----- Entries shown -----

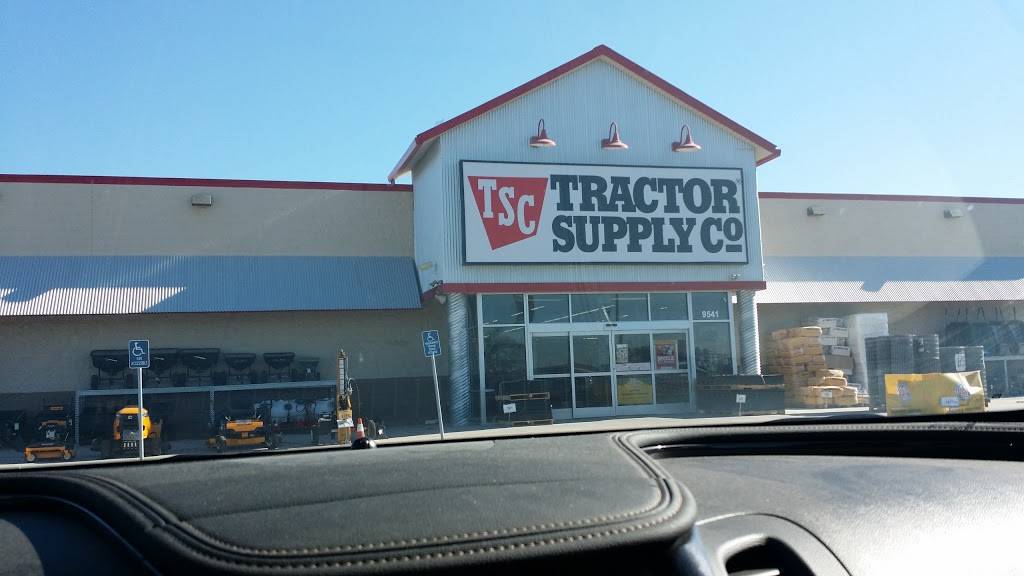 Tractor Supply Co. | 9541 Alameda Ave, El Paso, TX 79927, USA | Phone: (915) 858-0856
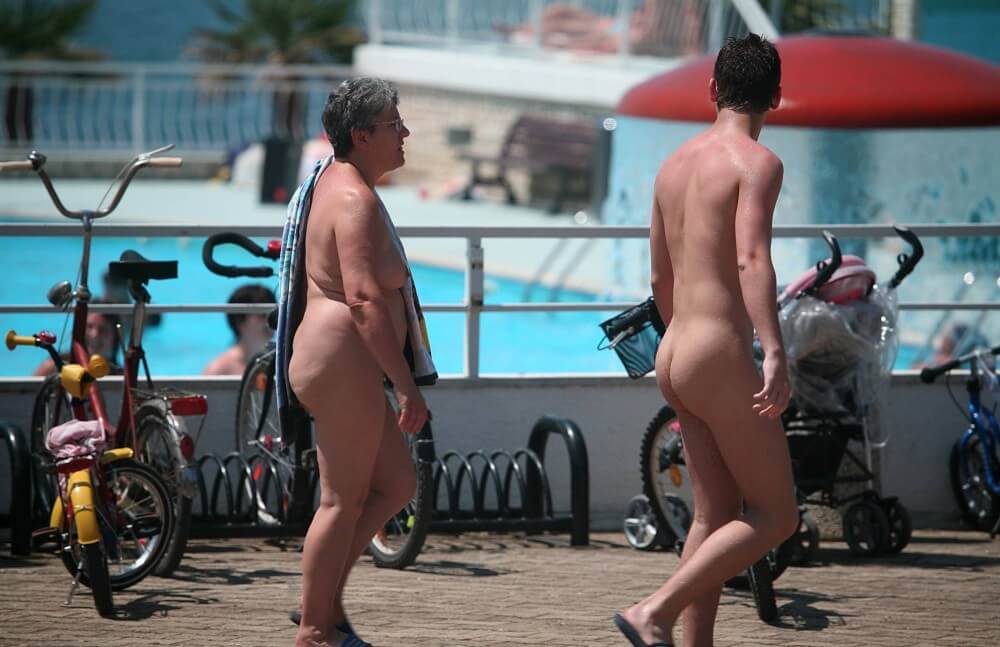 Sun-Soaked Sidewalk pics - Naturism and nudism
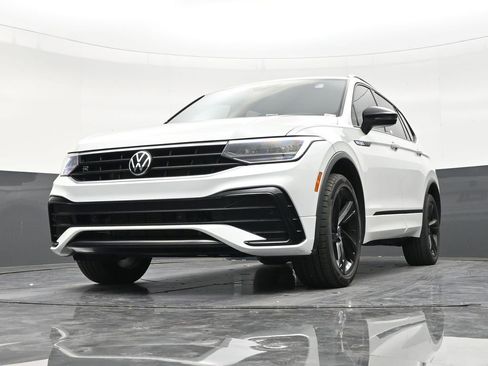 Used 2024 Volkswagen Tiguan SE R-Line FWD image 25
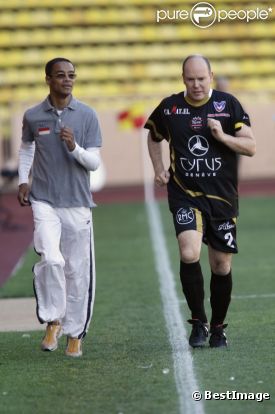 Albert de Monaco le 22 mai 2012 à Monaco pour un match de charité organisé au profit de l'association de la princesse Charlène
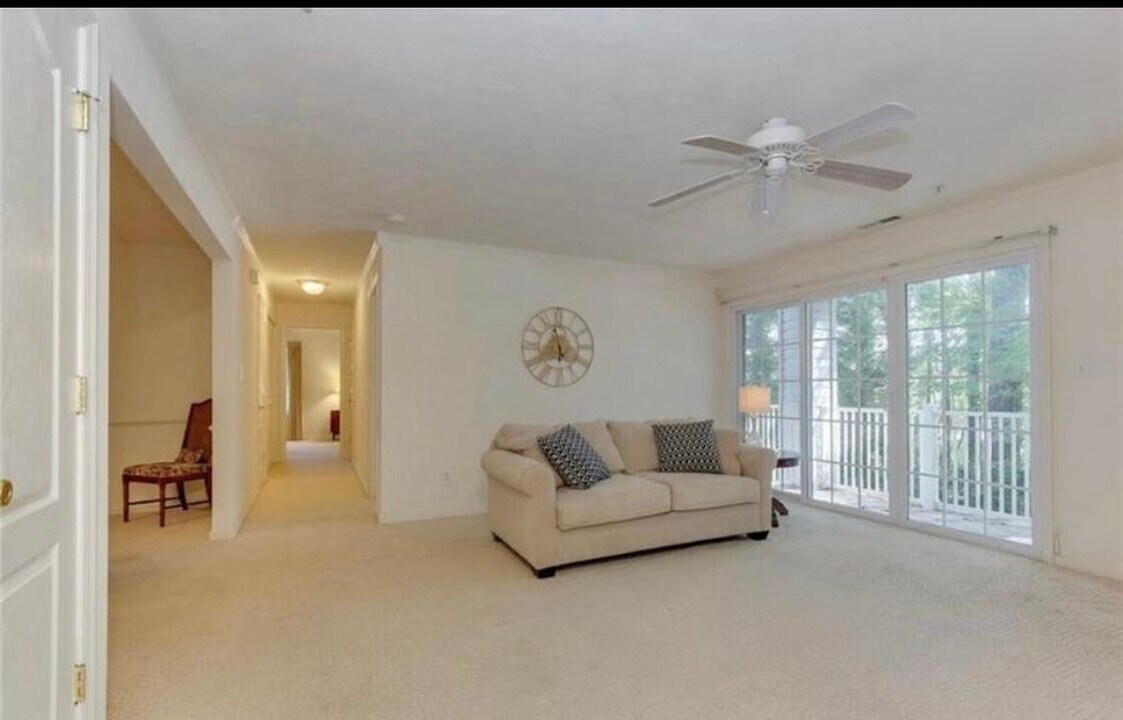 900 Charnell Dr, Unit #202 in Virginia Beach, VA - Foto de edificio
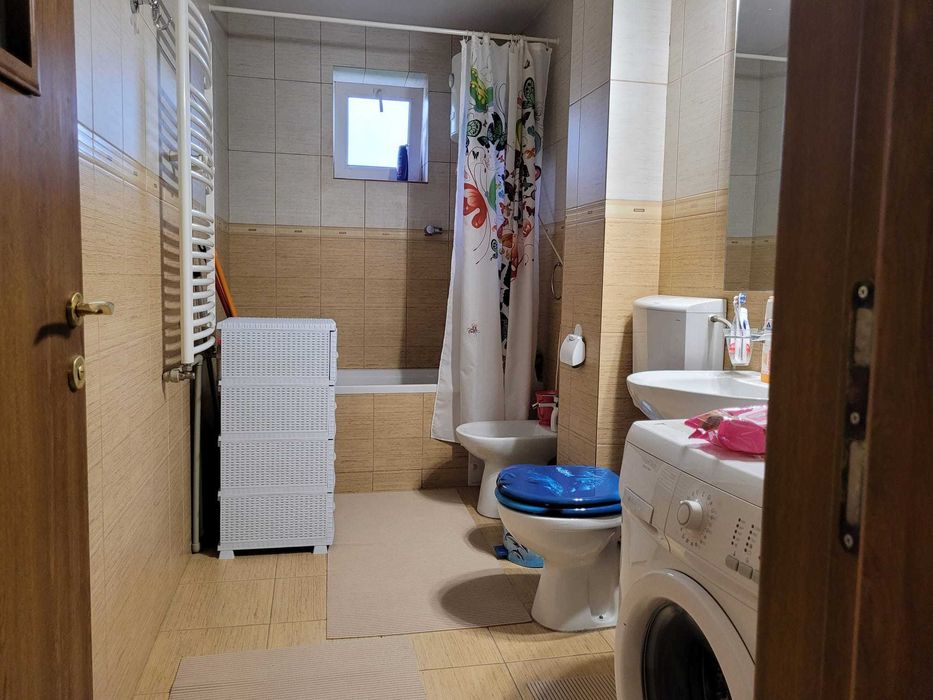 Apartament 3 camere decomandat, ultracentral Caracal, 85 mp, centrală proprie, curte privată, parcare acoperită - Proprietar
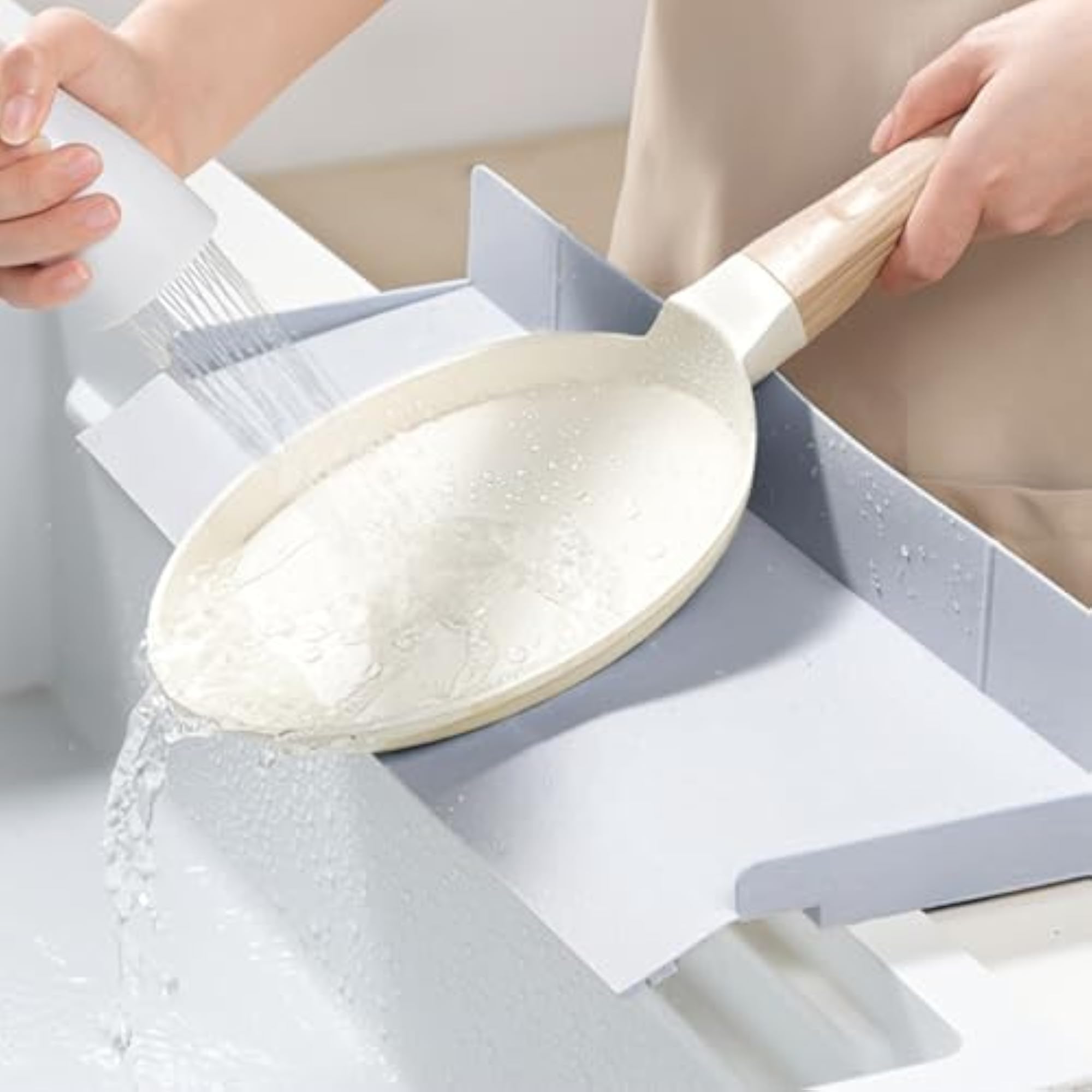 Silicone Sink Splash Guard, 17.7 Inch L-Shape Suction Cup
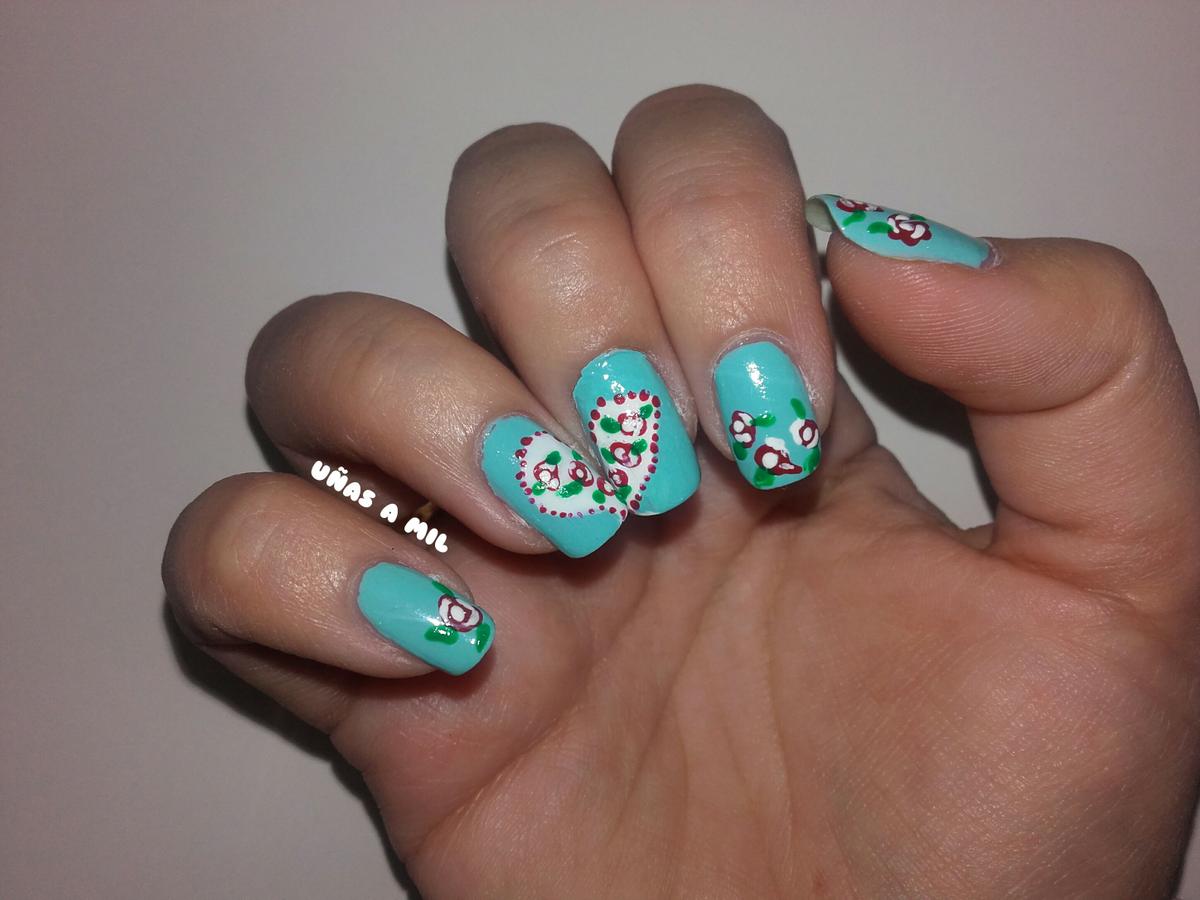 unas_a_mil_blog_nail_art_diseno_decoracion_unas_azul_flores_vintage_corazon_san_valentin_esmaltes_essence-1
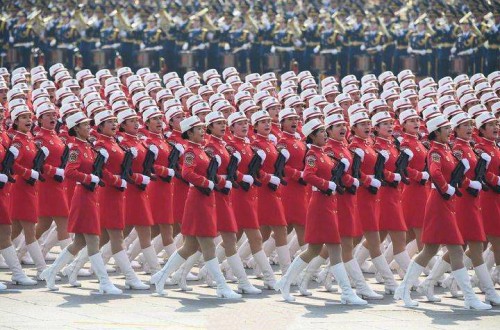 雷火电竞官网首页登录品牌浪莎 专注袜业生产20年 阅兵袜展现中国精神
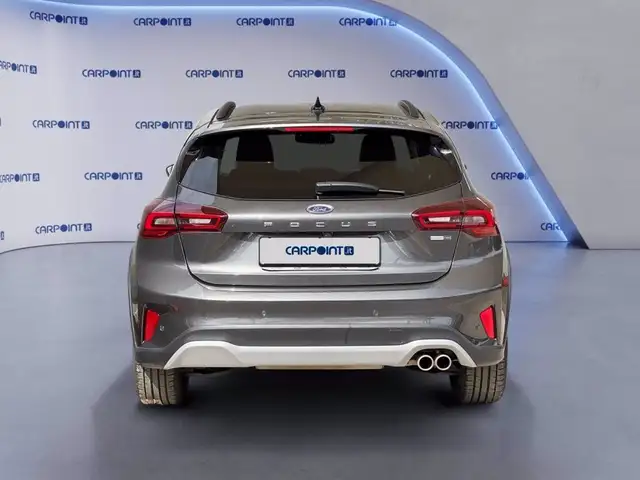 Ford Focus view 4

-----

◆ Work request: Reproduce nothing but the lines running from the line with "Apartament 3 camere" through the end of the records, keeping both end lines and dropping the pictures.

◆ Written solution:
 Apartament 3 camere decomandat, ultracentral Caracal, 85 mp, centrală proprie, curte privată, parcare acoperită - Proprietar
 Silicone Sink Splash Guard, 17.7 Inch L-Shape Suction Cup
 unas_a_mil_blog_nail_art_diseno_decoracion_unas_azul_flores_vintage_corazon_san_valentin_esmaltes_essence-1
 雷火电竞官网首页登录品牌浪莎 专注袜业生产20年 阅兵袜展现中国精神
 Ford Focus view 4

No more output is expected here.